Он угадал убийцу, но у него нет никаких доказательств против Раскольникова, а вместо этих доказательств есть сознавшийся в преступлении Миколка. Сам Раскольников еще раньше объяснил Соне, как его, возможно, арестуют, подержат в тюрьме и выпустят, потому что все их психологические доказательства он перевернет в свою пользу Порфирий вторит ему, подтверждая, что слово пьяницы мещанина не устоит против слова бывшего студента. Приход Порфирия можно трактовать однозначно как приход хитрого следователя с конкретной утилитарной целью уговорить преступника добровольно явиться с повинной. Можно указать на то, как искусно следователь перемежает открытую лесть ("я ведь вас за кого почитаю? Я вас почитаю за одного из таких, которым хоть кишки вырезай, а он будет стоять да с улыбкой смотреть на мучителей…") с угрозами и запугиваниями ("А засади я вас в тюремный-то замок – ну месяц, ну два, ну три посидите, а там вдруг и, помяните мое слово, сами и явитесь, да еще как, пожалуй, себе самому неожиданно…") и морковкой перед носом, сиречь посулами скидки срока заключения. Но с другой стороны, можно читать монолог Порфирия с однозначным восторгом перед глубоким и сочувственным пониманием проповедником "нерешенной" души Раскольникова. Тут можно указать на несомненную искренность слов Порфирия – и когда он говорит "объясниться пришел-с, долгом святым почитаю", и когда обезоруживающе удивляется: "э, полноте, что мне теперь приемы! Другое бы дело, если бы тут находились свидетели", и когда бьет на искренность: "я вас, во всяком случае, за человека наиблагороднейшего почитаю-с, и даже с зачатками великодушия-с, хоть и не согласен с вами во всех убеждениях ваших, о чем долгом считаю заявить наперед, прямо и с совершенною искренностью, ибо прежде всего не желаю обманывать".

Достоевский пишет, как будто не просто отстраняясь, но устраняясь от своего персонажа и оставляя на наше усмотрение расшифровывать (трактовать) его речь, как нам заблагорассудится. Бахтин находит в этом некую высшую художественность, я нахожу в этом потерю художественности, потому что, если литературное произведение не находится на иной ступени упорядоченности по сравнению с хаосом жизни, оно на ту же ступень менее художественно. Бахтин полагает, что Достоевский хладнокровно и искусно планирует такую манеру письма, я полагаю, что эта манера есть результат того, что Достоевский находится в состоянии внутренней разорванности, сумятицы чувств и мыслей (мировоззрений). Но, как я указывал раньше, Достоевский, сознавая эту в себе разорванность, художественно осмысливает ее через иронию и парадокс, и потому истинное понимание "секрета" манеры письма Достоевского (если угодно, ее цельности) следует искать в изначальности ее великолепного самоиздевательского парадокса (только тогда, например, открывается смысл бросающей вызов смыслу концовки "Бесов", что врачи по вскрытии отвергли у Ставрогина психическую болезнь (!?).

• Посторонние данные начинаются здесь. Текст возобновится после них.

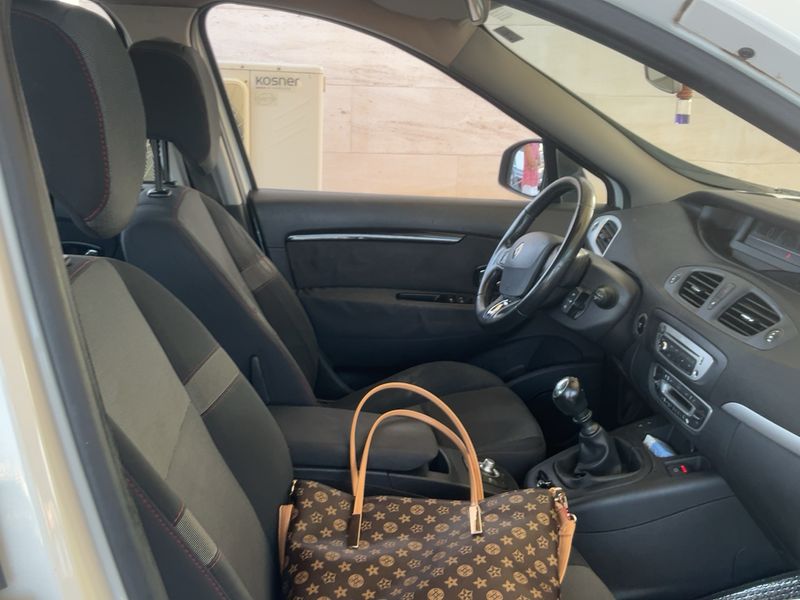 Renault Grand Scenic 1.5 dCi Selection 2015 – снимка 16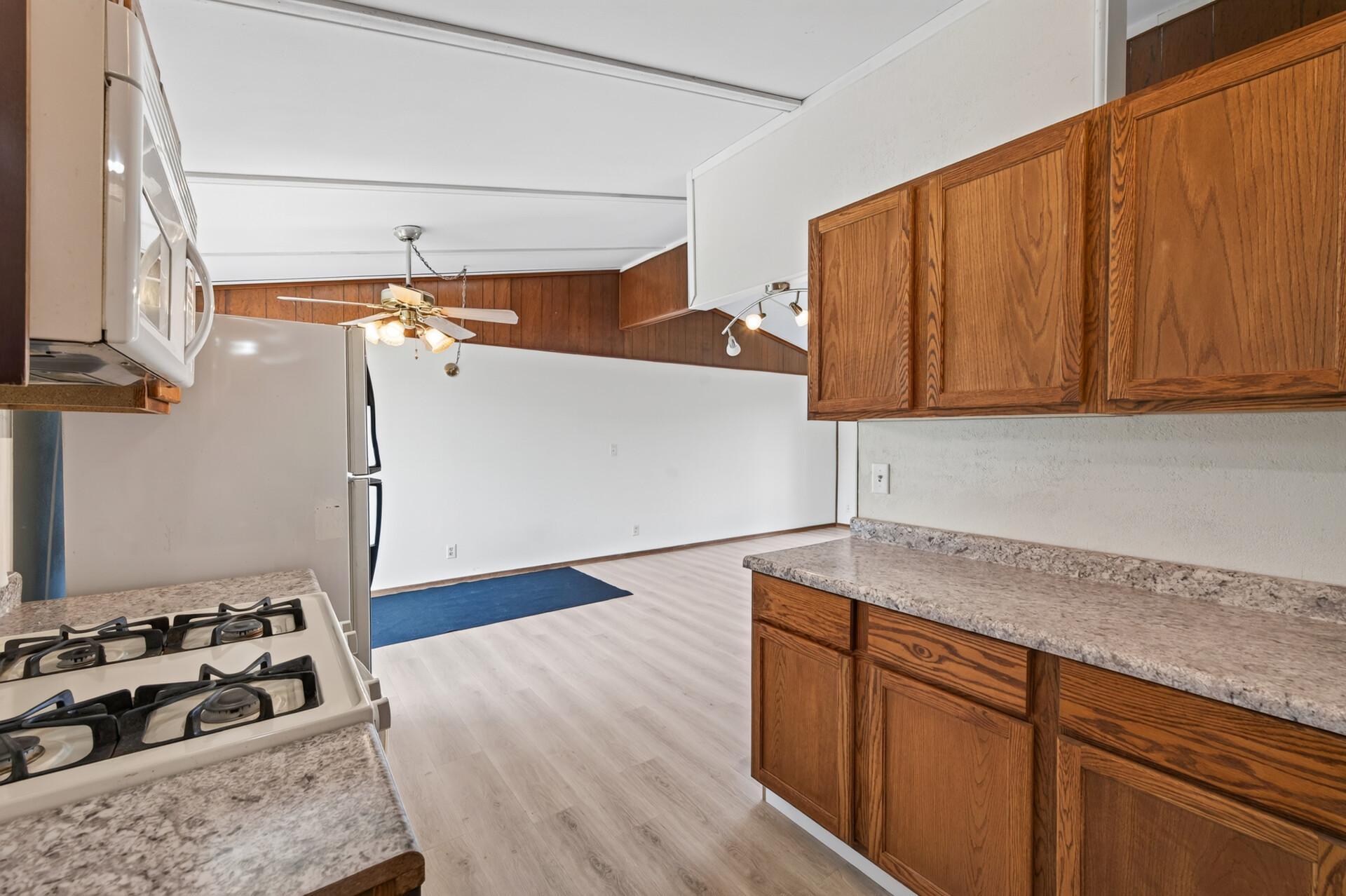 1582 3rd Street E Property Photo 15
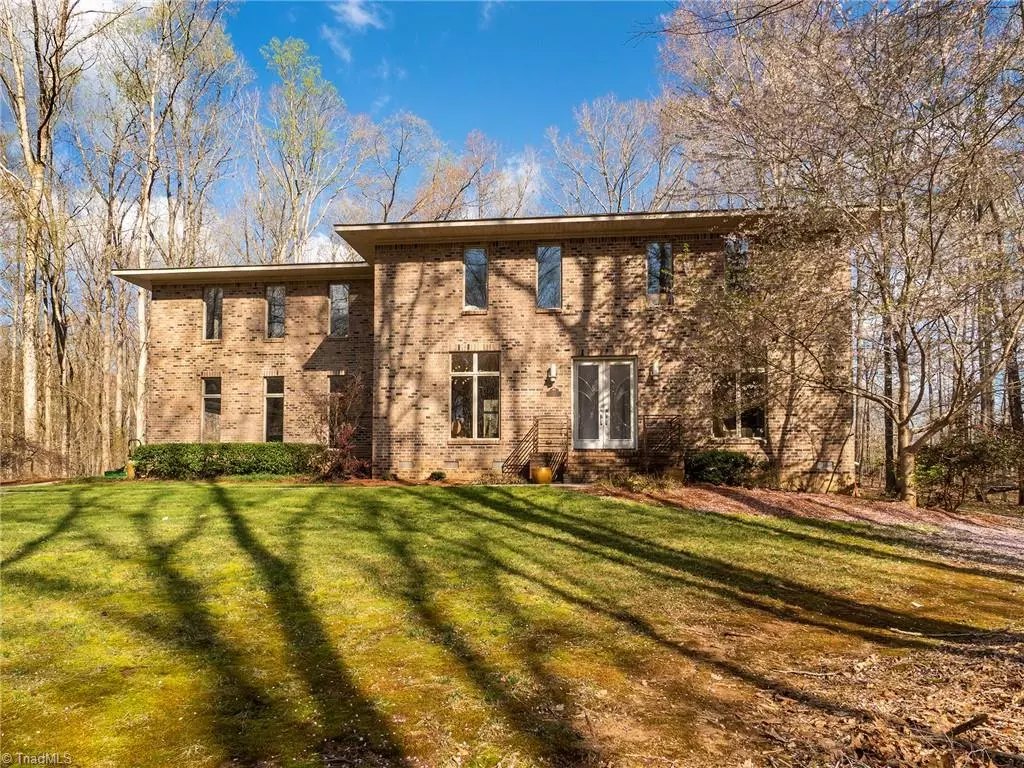 Summerfield, NC 27358,725 Hudson RD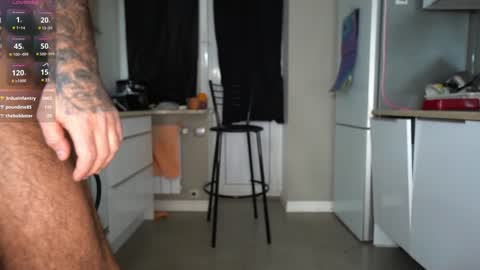 Snapshot of xxx_jane_xxx chatting on 02-04-25, 08:06 online show from 02-04-25, 08:06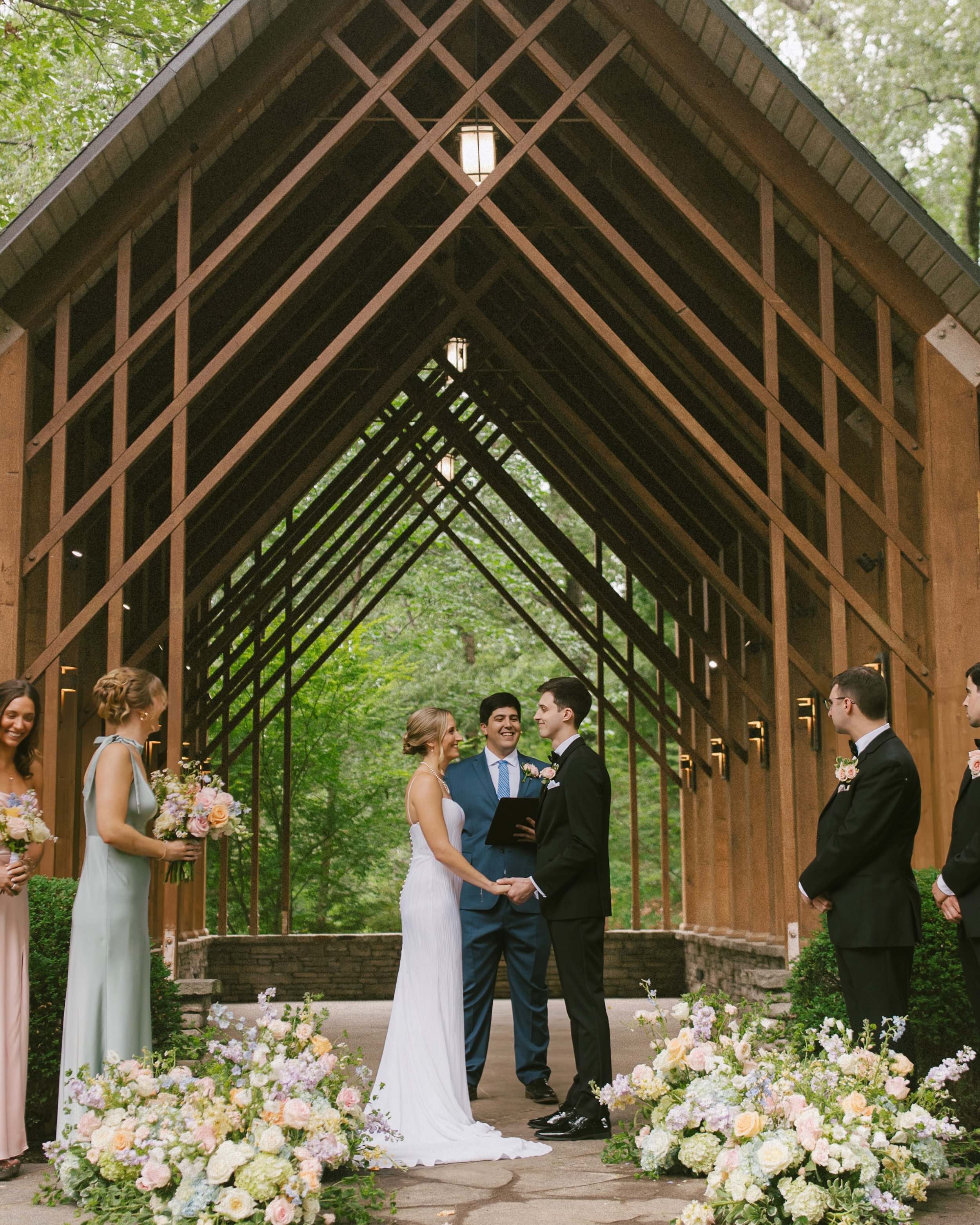 The rain held off and the Emfinger&rsquo;s had the most gorgeous day becoming husband and wife at the gardens 🌺⛲️🪴

&mdash;
Vendor team:
Planning / @purpledoorplanning 
Florals / @betts_made 
Venue / @memphisbotanic 
Dress / @beabarefootbride 
Make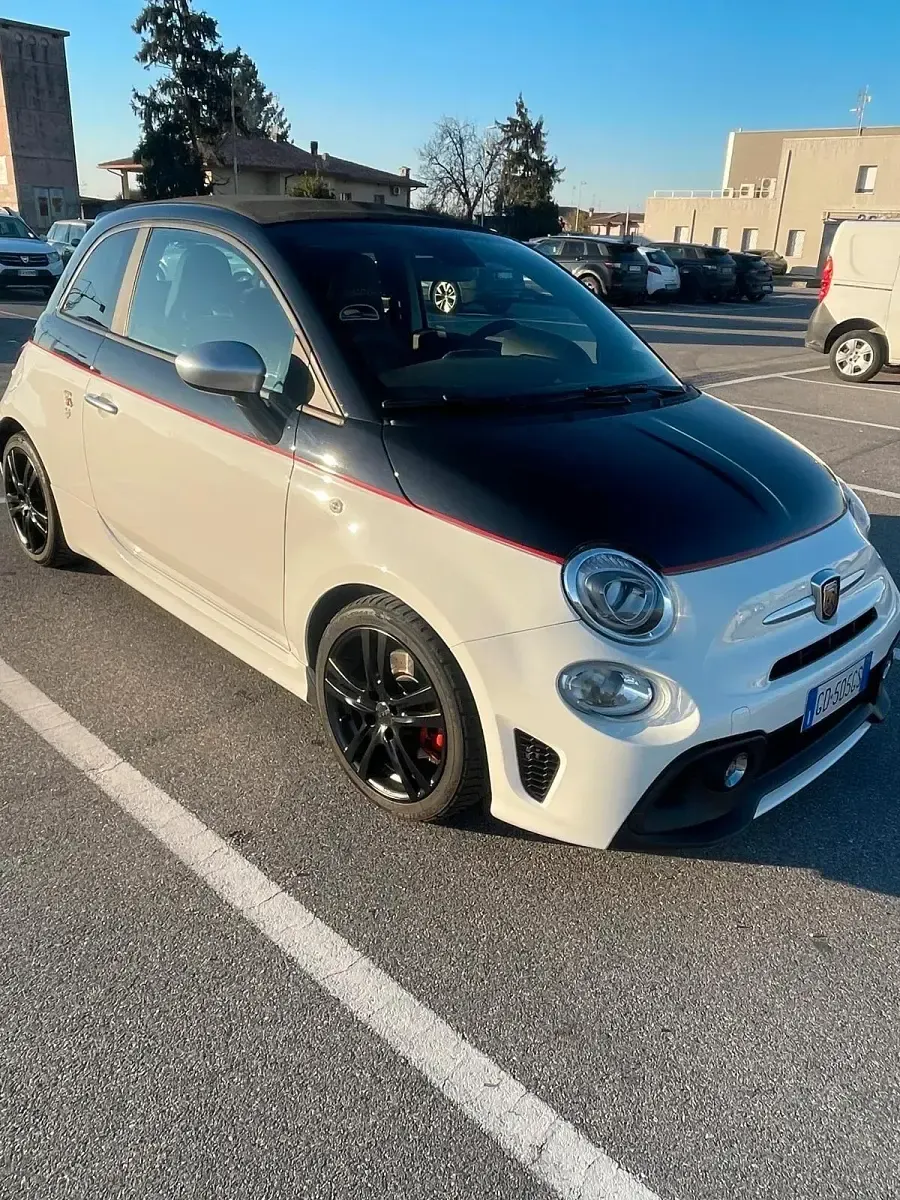 Usata Abarth 595C Turismo 165 CV (121 kW) 2021 Cabrio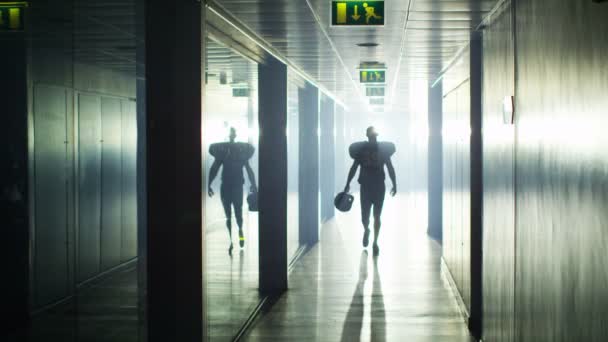 フットボール選手はトンネルを独り歩く - 映像、動画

И то же самое с образом Порфирия, который темен, как никакой другой образ в романе. Действительно, Порфирий может что угодно, только не говорить прямо, никто не употребляет столько оговорок, отступлений, взглядов "с другой стороны", как он. Ничья речь так не извилиста и не увилиста, как его речь, ничья речь так не игрива (эпизод с имитацией сватовства). Речь Порфирия играет оттенками, пытаясь быть "прямой" и "честной" до объявленного им "джентельменства", но все-таки по своей игривости он, глядя на Раскольникова, не может удержаться от совершенно неджентельменского издевательского замечания: "губка-то, как тогда, вздрагивает". А ведь это весьма неосторожное замечание, которое может рассердить Раскольникова и убить главную следовательскую карту – но уж больно Порфирий разнообразен, больно игрив, чтобы удержаться.